EUROSAM Missile Project and Erdogan’s Typical Political Maneuvers
In light of the current context the Turkish President has contacted Macron seeking to deescalate the current antagonism. Erdogan has also reportedly committed to proceed with exploratory talks with Greece, while the two leaders also discussed about the situation in Libya and Syria in an effort to find common ground and promote regional stability.
According to a recent article from Bloomberg Erdogan has also asked his counterpart to give the green light for co-production of the EUROSAM Surface-to-Air Long Range Missile Systems. EUROSAM SAMP/T is an Italian-French strategic initiative for the development, production and supply of long range air defense systems with the participation of the industry leaders Thales in France and MBDA in Italy. In January 2018, Presidents Erdogan and Macron met to officially approve the establishment of a mutual project where EUROSAM would be joined by the Turkish ASELSAN and ROKETSAN. These partners agreed to work together for the development of the Turkish Long Range Air and Missile Defense Systems.

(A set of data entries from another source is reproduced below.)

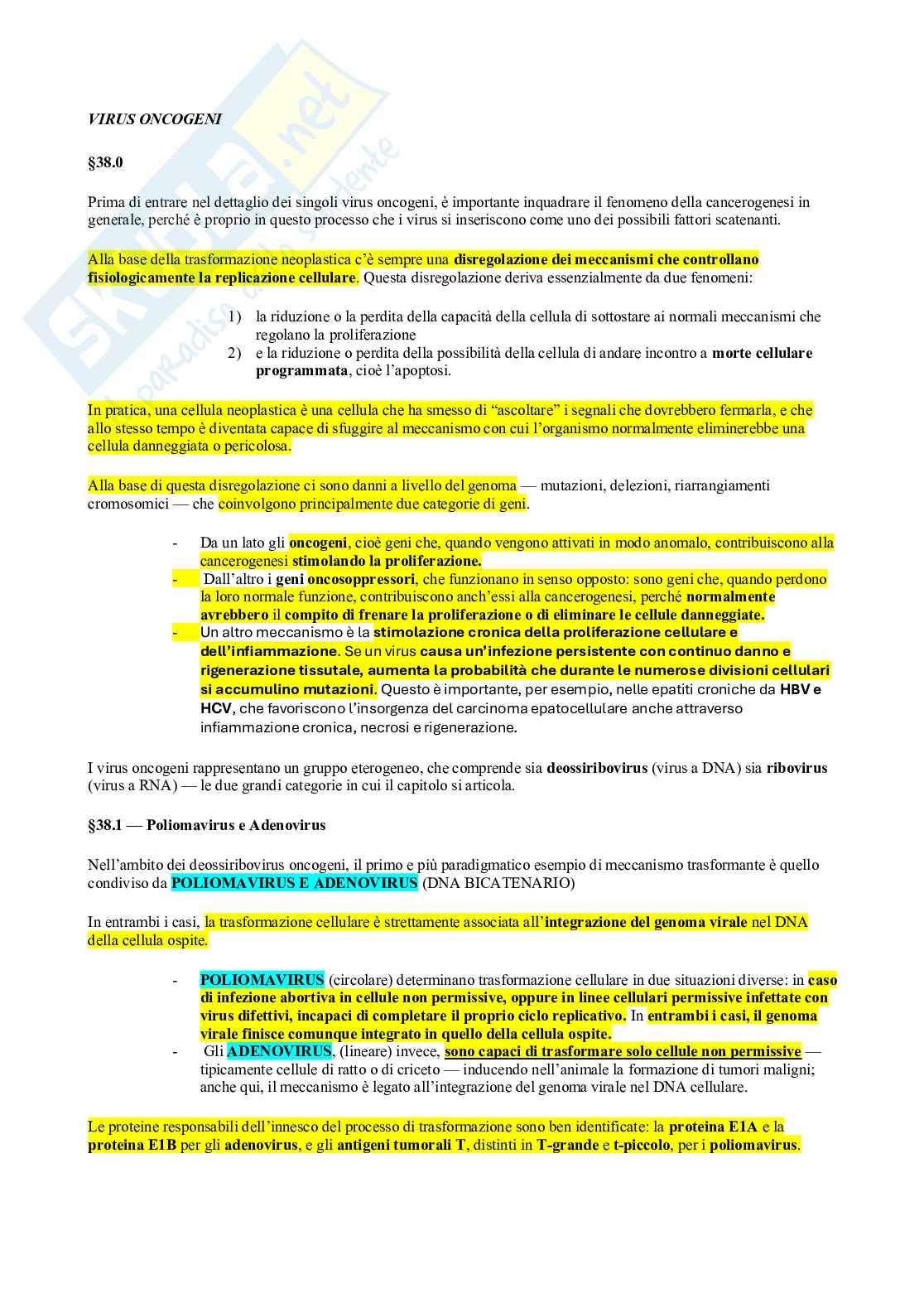 Microbiologia - Virus  Pag. 6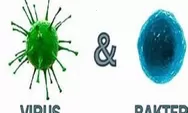 Bakteri dan Virus Apa Perbedaannya dan Mana Yang Lebih Mematikan ?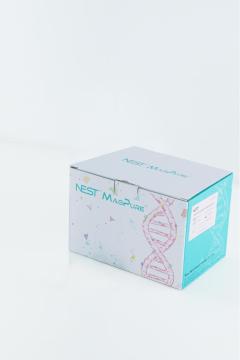 Plant Genomic DNA Extraction Kit by Spin Colomn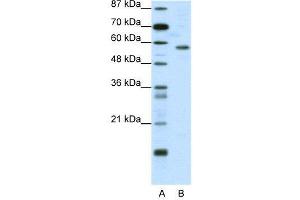 WB Suggested Anti-YY1  Antibody Titration: 0. (YY1 抗体  (N-Term))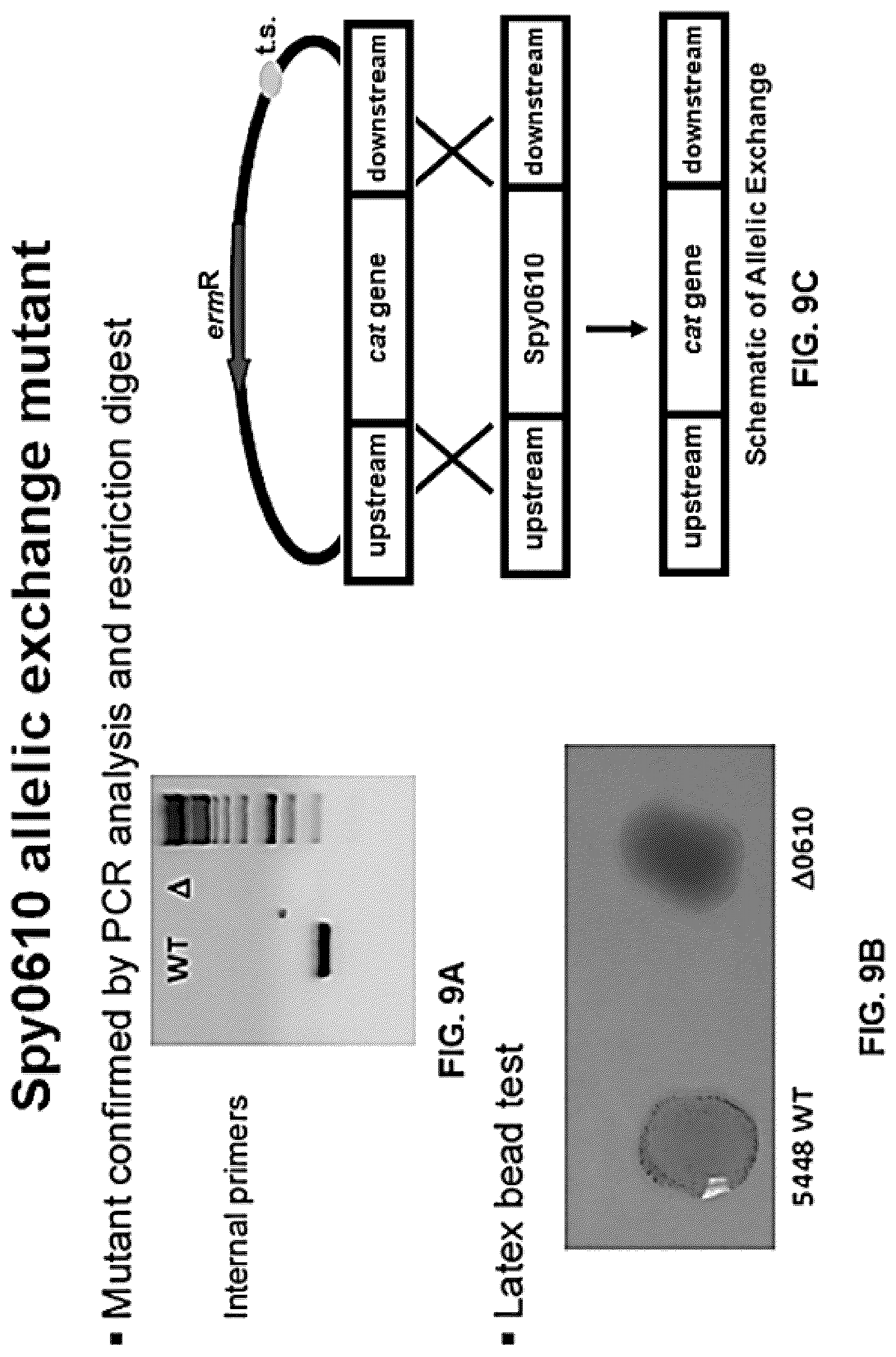 Patent US12616743 Figure 11 – Streptococcal GlcNAc-lacking glycopolypeptides, cell wall carbohydrates, streptococcus vaccines, and methods for making and using them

This very promising venture – promising not only for the Turkish Defense Industry but also for the Turkish Armed Forces – was blocked in January 2020 by France after Paris strongly criticized the Turkey’s Operation Peace Spring in Northern Syria. Apparently further political clashes, as described earlier, also contributed to this stalemate.
Erdogan’s alleged initiative to bring up the EUROSAM SAMP deal again, indicates that Ankara is always flexible and ready to invest in strategic ventures in order to secure alternative options in the international system and pursue long-term political objectives. Most importantly Ankara is not only seeking to maintain communication channels, but also to materialize the prospect of a substantially independent Turkish defense industry that will be covering a full spectrum of services and products, from fighter jets and missile systems to APCs and drones.
As the pressure on Turkey seems to be increasing lately, Erdogan is applying his favorite method of diversifying his possible courses of action in a way that nobody could have predicted.